Ideally, a nominated title should be the favorite book to recommend to a customer who asks the question, “Can you suggest something that my family and I can read together?” Store members are also asked to consider books that they love, and believe deserve to be singled out for greater critical and media attention.
ABC takes a broad approach to the notion of when and where books can be read aloud. Often times, nominated picture book titles have been successfully used by the booksellers for storytimes in the store. In the case of chapter books, booksellers recommend books they have read and loved, have shared with their families, or have recommended for use in the classroom or library.
Possible criteria for a great “Read Aloud” include dynamic writing, engaging themes, and universal appeal.

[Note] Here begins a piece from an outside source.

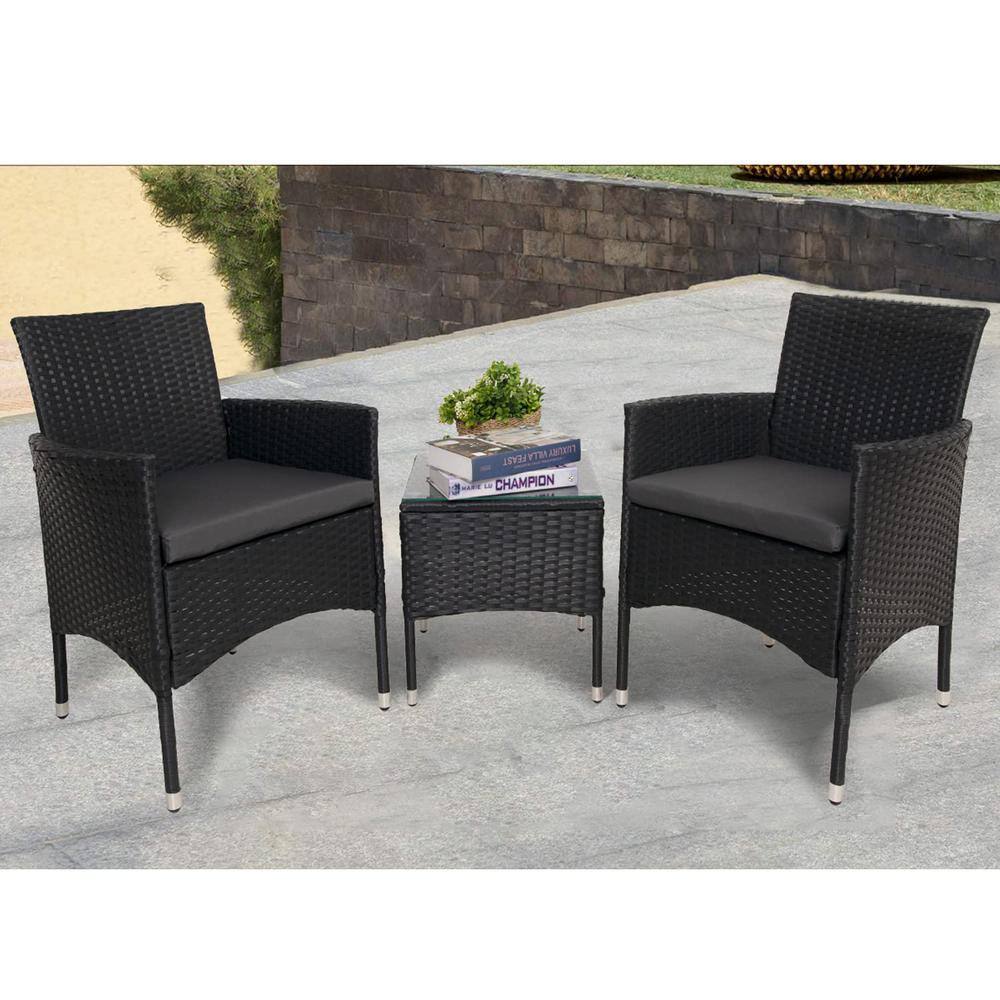 None Black 3-Piece Wicker Outdoor Bistro Set with Gray Cushions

In the case of picture books, the relationship between writing and illustration should be strong, and the structure of the book should build an enjoyable sense of anticipation.
The nominations are then given to a committee of ABC booksellers from across the country, headed by a member of the ABC board, who select a short list of four books in each category. Then ABC Booksellers vote online to pick a winner, and the results are sealed until Book Expo America. In the case where a book is created by both an author and an illustrator, both artists are nominated.
The shortlist is announced annually in April, and the actual awards (a crystal book engraved with the medal seal and the book title, recipient and year) is presented live at the ABC’s annual gala, held during BEA.
The six shortlist books that remain receive E.B. White Read Aloud Honors.
Frequently Asked Questions
How do I submit my books for consideration?
Because the E.B. White nominations come from booksellers, there is no direct way to submit a title for consideration. If you have a relationship with an ABC Bookseller member, you could ask them to nominate the book, but it’s entirely up to them if they want to or not.
How many people sit on the committee, and how are they chosen?
Generally, there are four ABC bookseller members, and one ABC Board member who is also a bookseller. This Board member acts as the committee chair, and is there to break a tie. The booksellers are asked at the beginning of the year if they would like to serve. Most committee members are active participants in other ABC programs such as the list serv. The committee is different every year. If you are an ABC Bookseller and you would like to participate in future committees, please let us know.
Why are have there been no YA titles in the winners?
YA titles have been nominated, but they have never been chosen. The 2008 committee had an extensive discussion about this, and came to the conclusion that many YA books, although eminently worthy, do not lend themselves to reading aloud to a mixed age group. Also, teens often use literature to work through deeply personal issues and many of these books are meant to be read privately. The audience for whom they are meant would not want to read them aloud in most cases. YA books that are nominated will always be considered, but the parameters of the award and the nature of YA fiction make it much less likely that a YA book will be chosen.
Are there any other guidelines that have been laid down?
In 2009, the committee also established the following guidelines:
A great Read Aloud should:
- Stand up to reading over and over
- Have art that works from a distance
- Allow the reader to take away something (wonder, curiosity, laughter etc)
- Be a springboard for discussion
- Be free of excessively squirmy moments
- Picture books: should work for preschool – 5th grade
- Older Readers: Should work for family reading both up and down in ages
Is poetry ever considered?
Yes, although it hasn’t won yet. We’re sure it will win in future years.
Where do Early Readers fit into the categories?
One of the 2006 winners, Houndsley and Catina was an Early Reader, and the decision was made to place it in the Picture Book category because of the integral relationship between text and artwork. These books will be decided on a case-by-case basis.
Will you ever consider a new edition of a book whose author is dead?
No. Through the committee process it was decided to give the award only to living authors.